McGraw-Hill Ryerson Limited (MHR.TO) and McGraw-Hill Global Education Holdings LLC announced that they have entered into a definitive acquisition agreement by which McGraw-Hill Education will indirectly acquire all of the outstanding common shares of McGraw-Hill Ryerson that it does not already own at a price of C$50.00 cash per common share.
McGraw-Hill Education, which is owned by investment funds affiliated with Apollo Global Management LLC (APO), currently indirectly owns approximately 70.1% of the outstanding common shares of McGraw-Hill Ryerson. Following the completion of the transaction, McGraw-Hill Ryerson would be wholly-owned by McGraw-Hill Education.
Investmentaktiengesellschaft für langfristige Investoren TGV, owner of approximately 12.5% of the outstanding common shares of McGraw-Hill Ryerson, has separately entered into an agreement with McGraw-Hill Education to vote its shares in favour of the transaction at a special meeting of McGraw-Hill Ryerson shareholders to be held to approve the transaction.
The proposed transaction price represents a premium of 9.9% over the 90 trading-day volume-weighted average price per share of C$45.51 and 13.9% over the volume-weighted average price per share over the past six months of C$43.90, on the TSX prior to the announcement of the transaction. The transaction values the shares not currently owned by McGraw-Hill Education at approximately C$29.8 million.

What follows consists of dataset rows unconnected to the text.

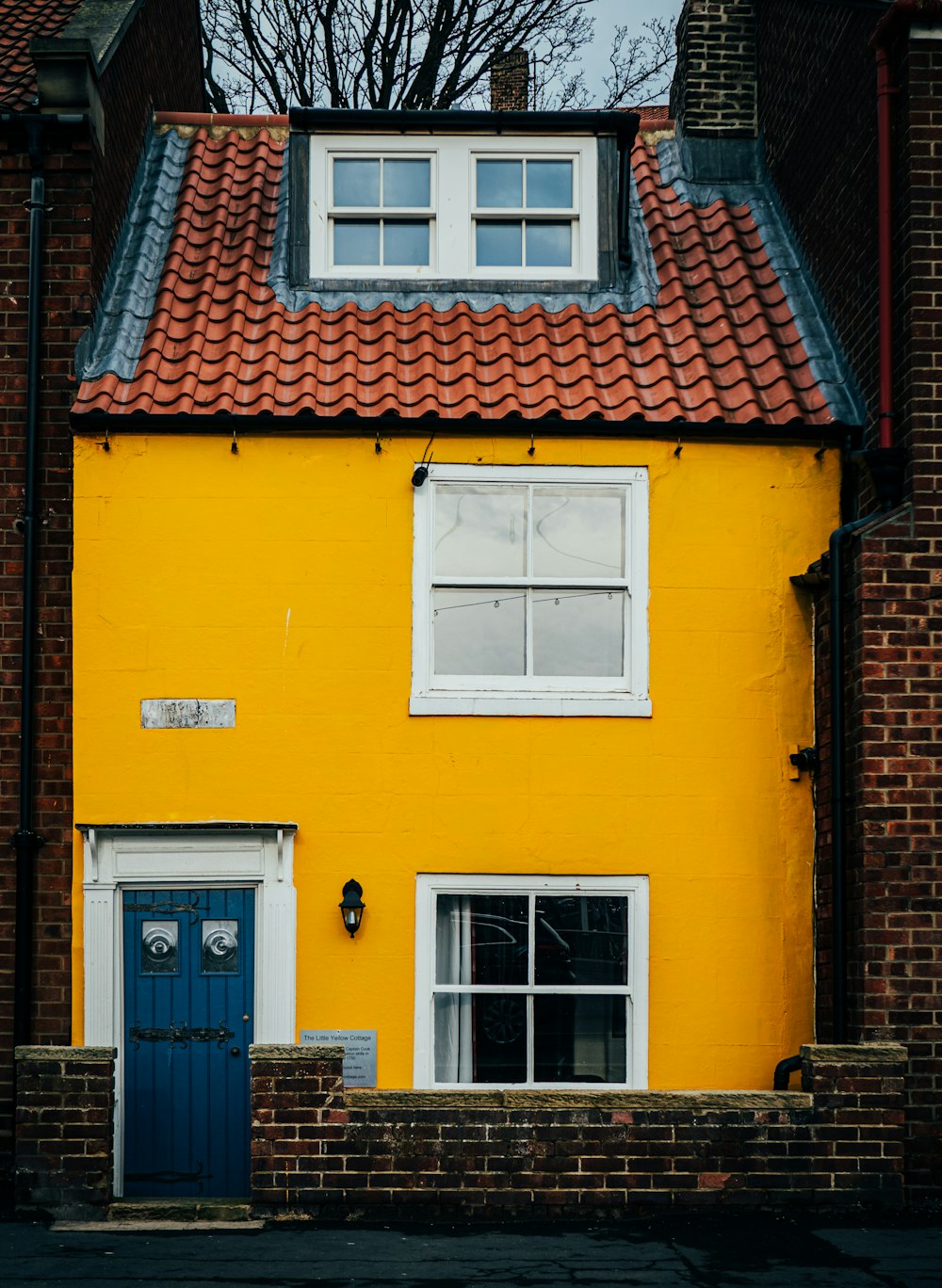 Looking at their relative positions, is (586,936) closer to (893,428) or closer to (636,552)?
(636,552)

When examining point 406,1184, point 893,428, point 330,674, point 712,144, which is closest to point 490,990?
point 406,1184

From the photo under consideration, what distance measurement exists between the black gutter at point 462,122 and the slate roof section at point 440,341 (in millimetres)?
737

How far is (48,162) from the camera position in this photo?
415 inches

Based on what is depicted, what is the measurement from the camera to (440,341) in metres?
11.1

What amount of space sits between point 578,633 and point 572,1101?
10.7 ft

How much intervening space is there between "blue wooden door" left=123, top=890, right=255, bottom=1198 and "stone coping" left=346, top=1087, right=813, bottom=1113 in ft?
5.29

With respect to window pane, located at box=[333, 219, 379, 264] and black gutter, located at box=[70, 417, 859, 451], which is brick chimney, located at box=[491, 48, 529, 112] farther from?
black gutter, located at box=[70, 417, 859, 451]

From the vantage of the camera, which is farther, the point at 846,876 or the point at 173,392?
the point at 173,392

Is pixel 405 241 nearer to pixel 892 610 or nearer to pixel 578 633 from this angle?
pixel 578 633

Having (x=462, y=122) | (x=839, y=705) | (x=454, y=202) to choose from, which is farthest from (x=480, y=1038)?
(x=462, y=122)

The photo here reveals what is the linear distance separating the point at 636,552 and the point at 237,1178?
4958 millimetres

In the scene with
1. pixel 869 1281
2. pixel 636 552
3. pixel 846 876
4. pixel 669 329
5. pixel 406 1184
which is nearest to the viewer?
pixel 869 1281

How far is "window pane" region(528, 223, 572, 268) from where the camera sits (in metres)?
11.8

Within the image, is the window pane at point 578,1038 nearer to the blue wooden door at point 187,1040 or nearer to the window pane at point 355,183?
the blue wooden door at point 187,1040
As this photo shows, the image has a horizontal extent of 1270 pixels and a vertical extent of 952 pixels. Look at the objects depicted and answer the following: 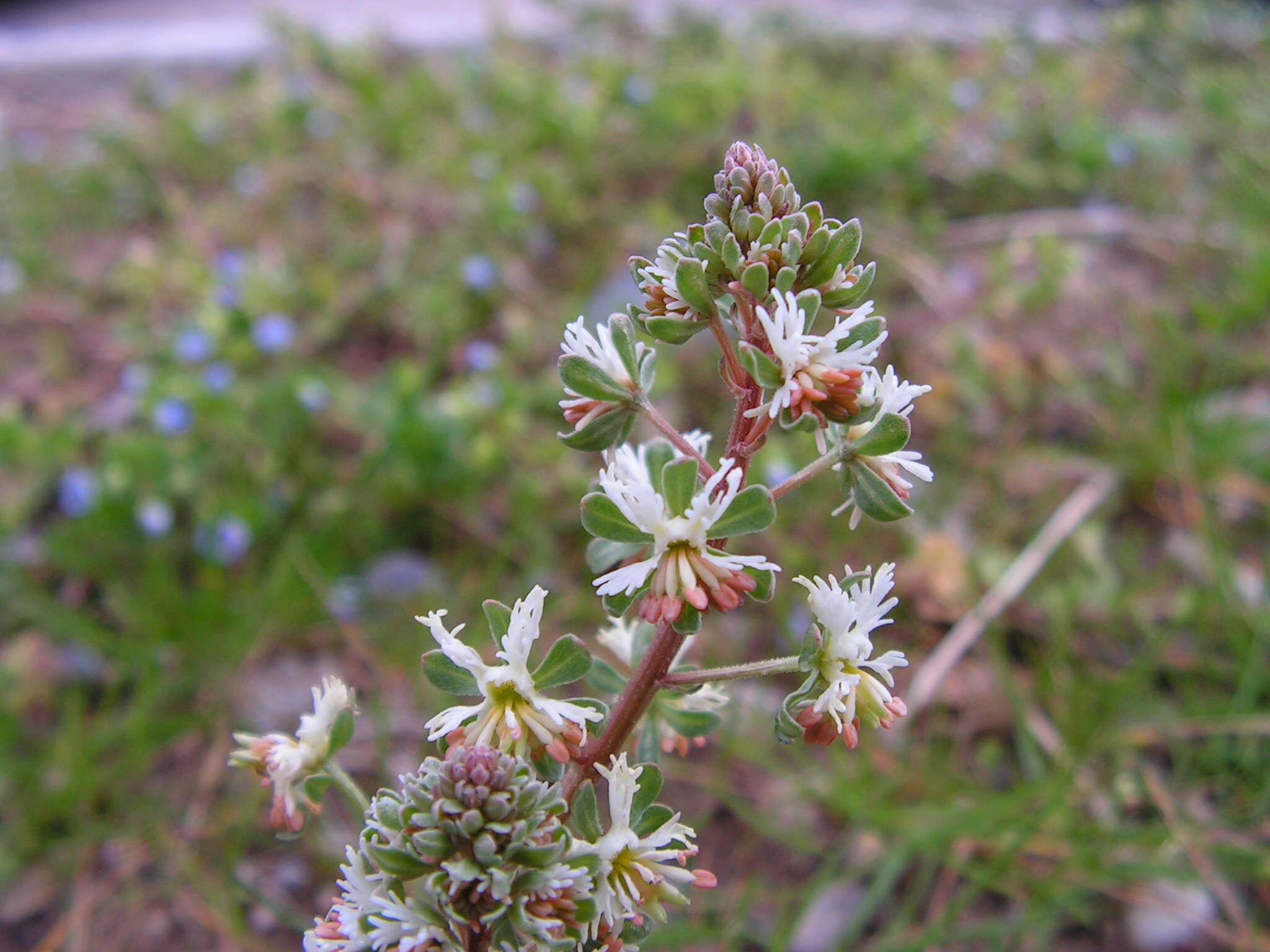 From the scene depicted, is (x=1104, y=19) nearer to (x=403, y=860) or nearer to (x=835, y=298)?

The transaction has been approved unanimously by the board of directors of McGraw-Hill Ryerson. In doing so, the board of directors of McGraw-Hill Ryerson determined that the transaction is fair to the shareholders of McGraw-Hill Ryerson (other than McGraw-Hill Education and its related parties) and in the best interests of McGraw-Hill Ryerson and authorized the submission of the arrangement to shareholders of McGraw-Hill Ryerson for their approval at a special meeting of shareholders.
The board of directors of McGraw-Hill Ryerson also has determined unanimously to recommend to McGraw-Hill Ryerson shareholders (other than McGraw-Hill Education and its related parties) that they vote their shares in favour of the transaction.
The transaction will also be subject to certain closing conditions which are customary in transactions of this nature. It is anticipated that the transaction, if approved by shareholders, will be completed by the end of June 2014. As a result of the entering into the transaction, McGraw-Hill Ryerson will not be declaring or paying any dividends prior to the closing of the transaction.